Don't be retarded, groff is not that great when compared to LaTeX, awful math rendering and lacking of a significant amount of features.

It has the better syntax, but creates worse documents.

IIRC they went and made the UI a lot better. Also wasn't it forked like a decade ago and diverged significantly since then?

How hard would it be to improve groff into having close to feature parity with latex, without all of the tex bloat?

I use vim without any plugins rn.
What would a latex plugin offer?
You don't need to see function headers or anything like that

I would say it is extremely hard, so much work has been put into LaTeX that it is practically irreplaceable, despite what a mess it is.

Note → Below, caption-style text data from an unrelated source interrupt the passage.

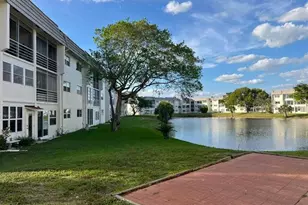 8200 Sunrise Lakes Unit, Sunrise, FL 33322 - Photo 16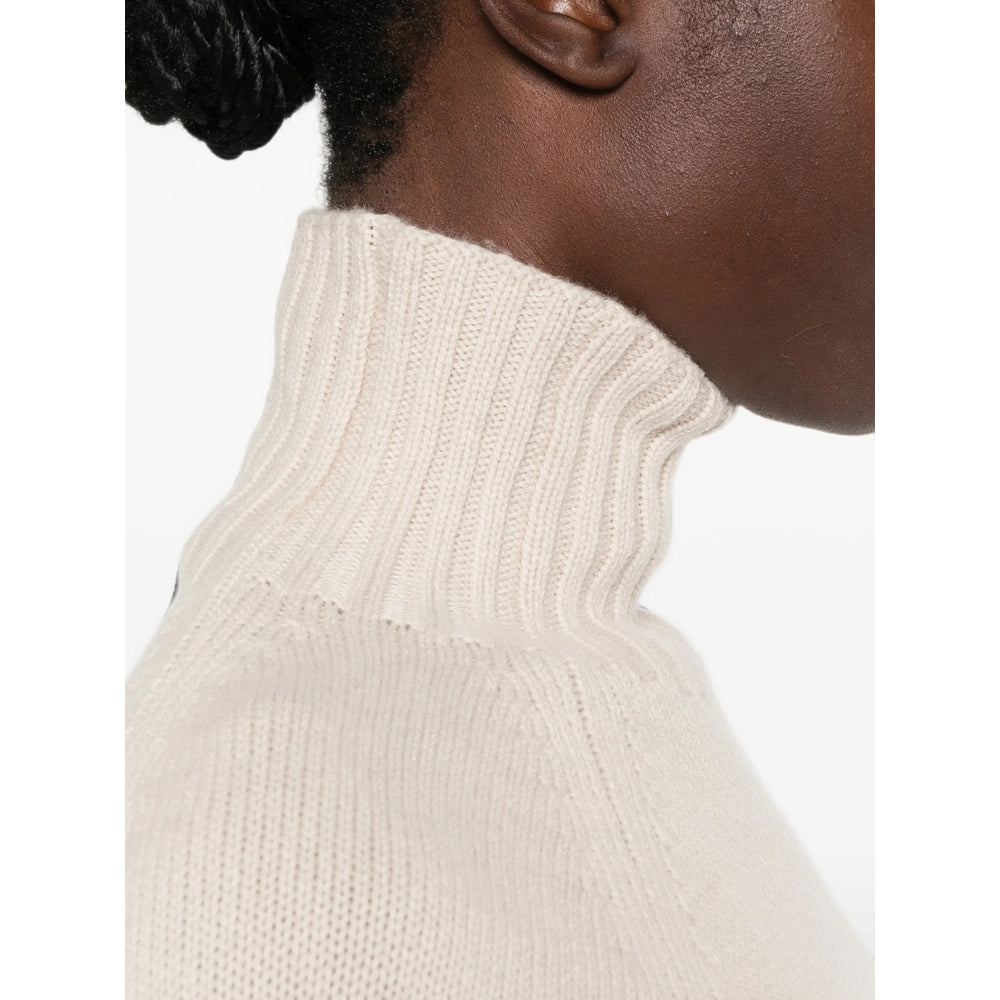 's Max Mara 'S Max Mara Neutrals Knitwear - Jumpers Women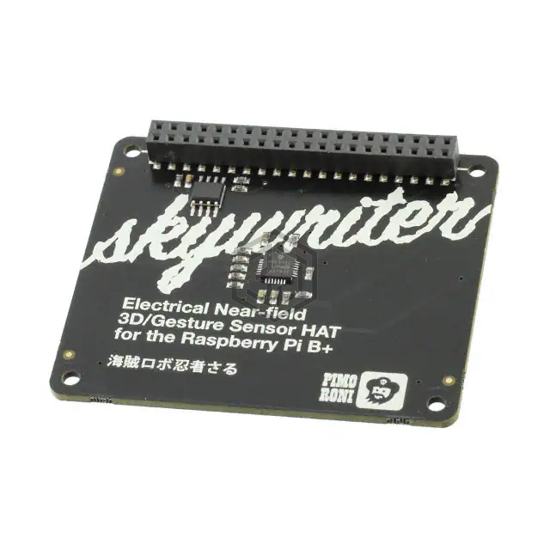 PIM058 - Pimoroni Ltd - Evaluation Boards - Expansion Boards, Daughter Cards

Just imagine that someone seriously Tikz, which by itself is enormous.

go watch luke smith's vim latex videos op any other answer is wrong

Mostly just use it for auto compilation and pdf reader support so I can immediately preview the file after every save.

It also has some nice completion stuff, syntax highlighting, and more mappings for navigating the file.

How do I tell Latex to avoid shitty line breaks?

I'm talking about this
Bla bla bla bla bla. Bla
bla bla bla bla.
The 2nd sentence should just be started on the 2nd line instead of having a single word in the 1st line.

What's wrong with a line break like that? Either way, you just put "\\" wherever you want a line break.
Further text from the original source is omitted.